Equilibrium of Data Markets with Externality
This addresses inefficiencies in real-world data markets for platforms and participants, offering a theoretical intervention to improve welfare, though it is incremental as it builds on existing game-theoretic frameworks.
The paper models data markets as a game with negative externalities from data purchases, showing that without intervention, equilibria have poor welfare, but introducing a transaction cost can ensure a pure Nash equilibrium with strong welfare guarantees for standard externality functions, and extends this to settings with learning buyers and richer externality models.

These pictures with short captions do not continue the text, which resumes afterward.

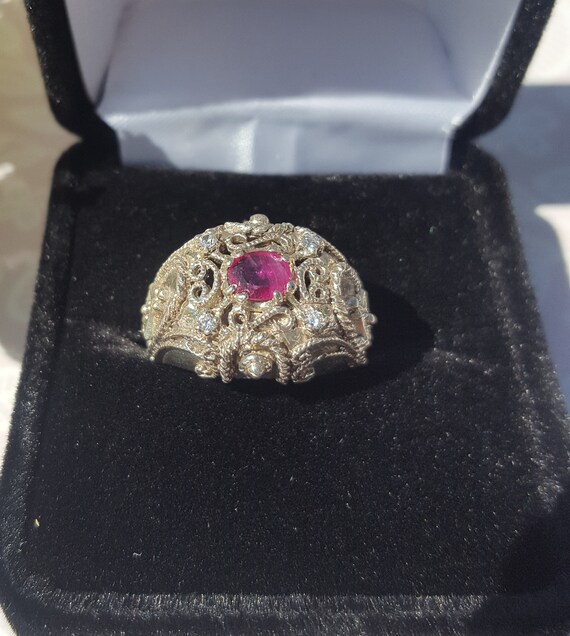 ruby rings set in sterling silver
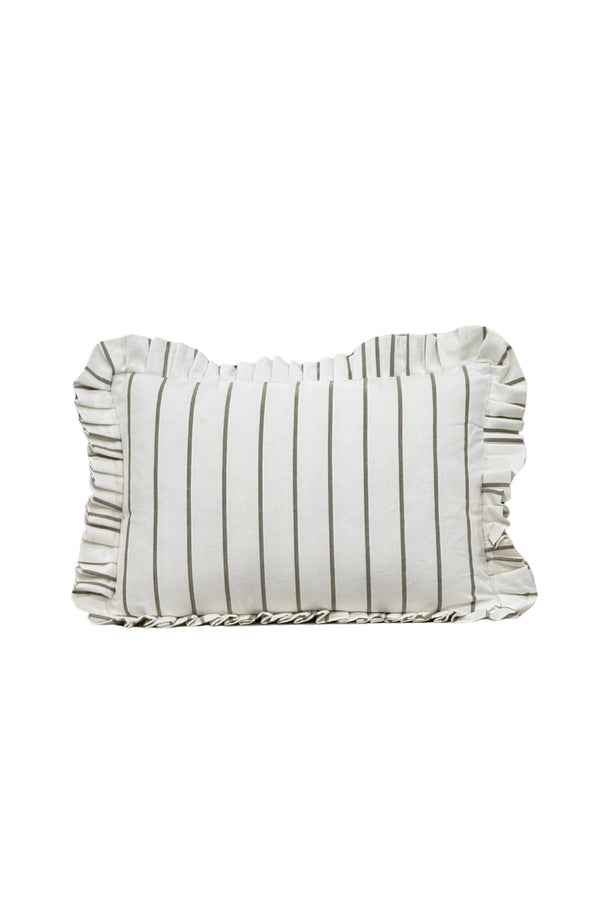 RUFFLE LUMBAR PILLOW WITH INSERT - OLIVE GREEN PIN STRIPES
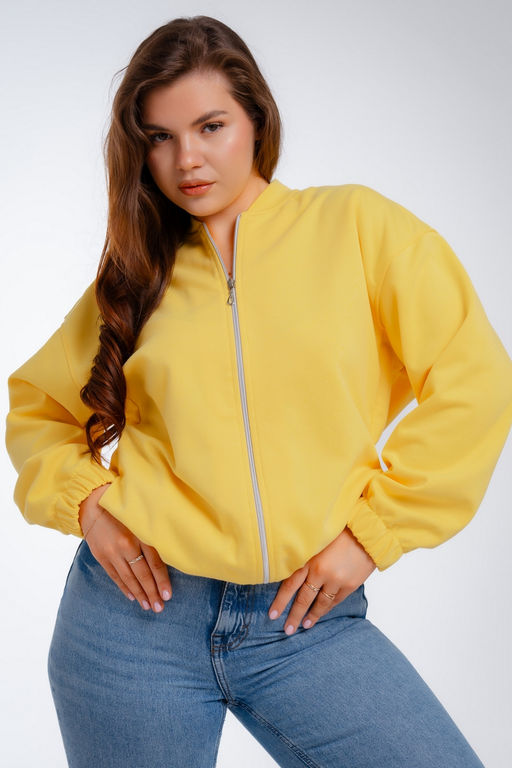 Бомбер из коттон фита жёлтый - Амадэль фото 17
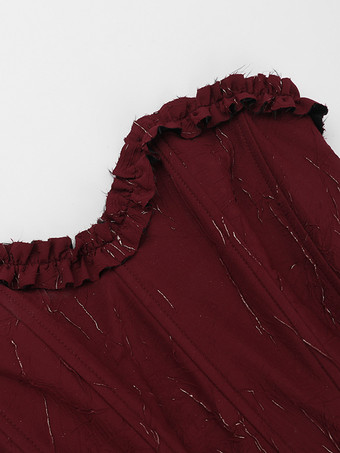 ハロウィン レディース ゴシック ドレス バーガンディ スウィートハート フリル セクシー ポリエステル チュニック ショートドレス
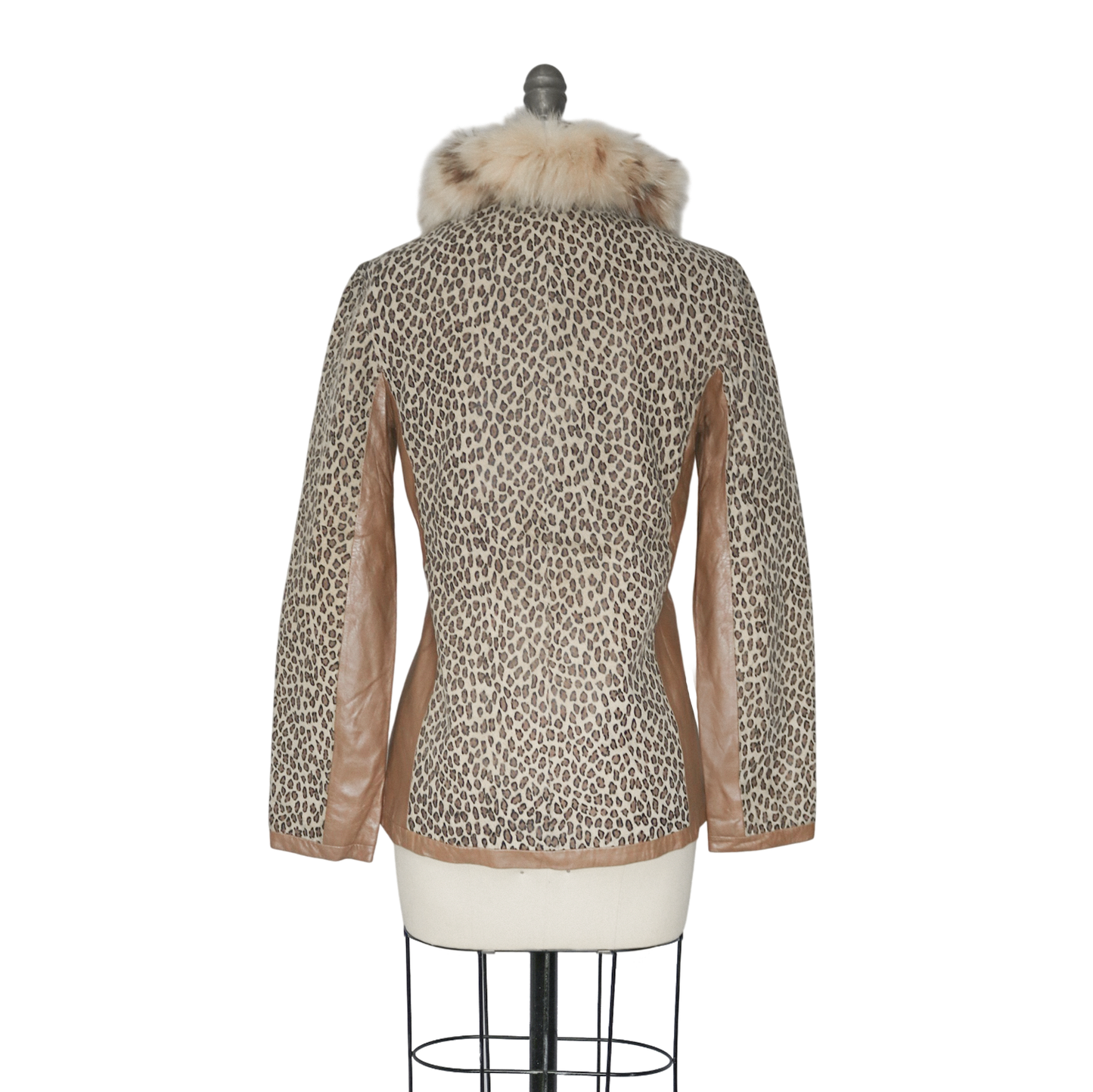 reworked leopard print leather jacket - Size S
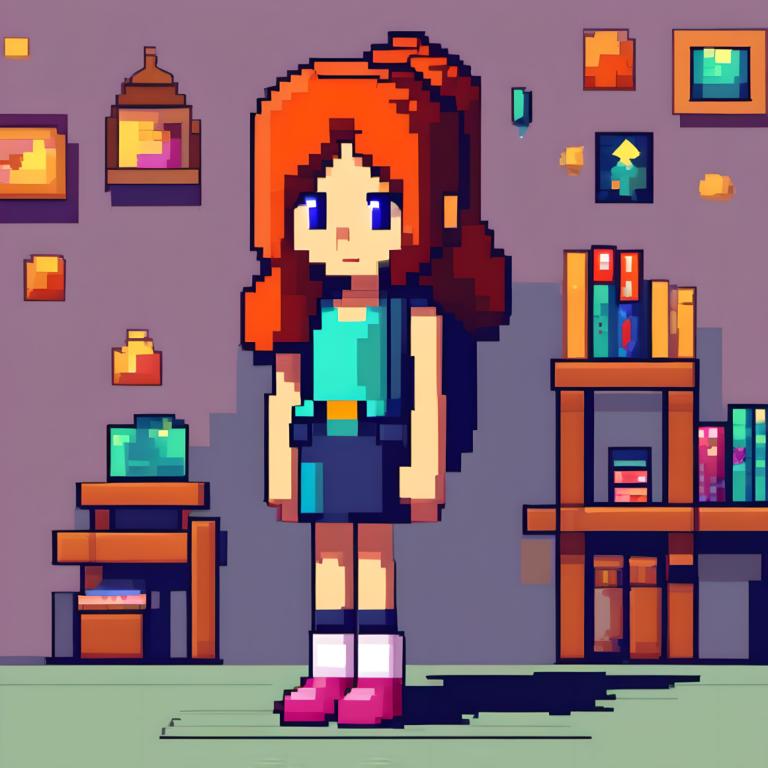 Pixel Art,Pixel Art, People, girl, 1girl, solo, standing, long hair, blue eyes, orange hair, shadow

We model real-world data markets, where sellers post fixed prices and buyers are free to purchase from any set of sellers, as a simultaneous game. A key component here is the negative externality buyers induce on one another due to data purchases. Starting with a simple setting where buyers know their valuations a priori, we characterize both the existence and welfare properties of the pure Nash equilibrium in the presence of such externality. While the outcomes are bleak without any intervention, mirroring the limitations of current data markets, we prove that for a standard class of externality functions, platforms intervening through a transaction cost can lead to a pure equilibrium with strong welfare guarantees. We next consider a more realistic setting where buyers learn their valuations over time through market interactions. Our intervention is feasible here as well, and we consider learning algorithms to achieve low regret concerning both individual and cumulative utility metrics. Lastly, we analyze the promises of this intervention under a much richer externality model.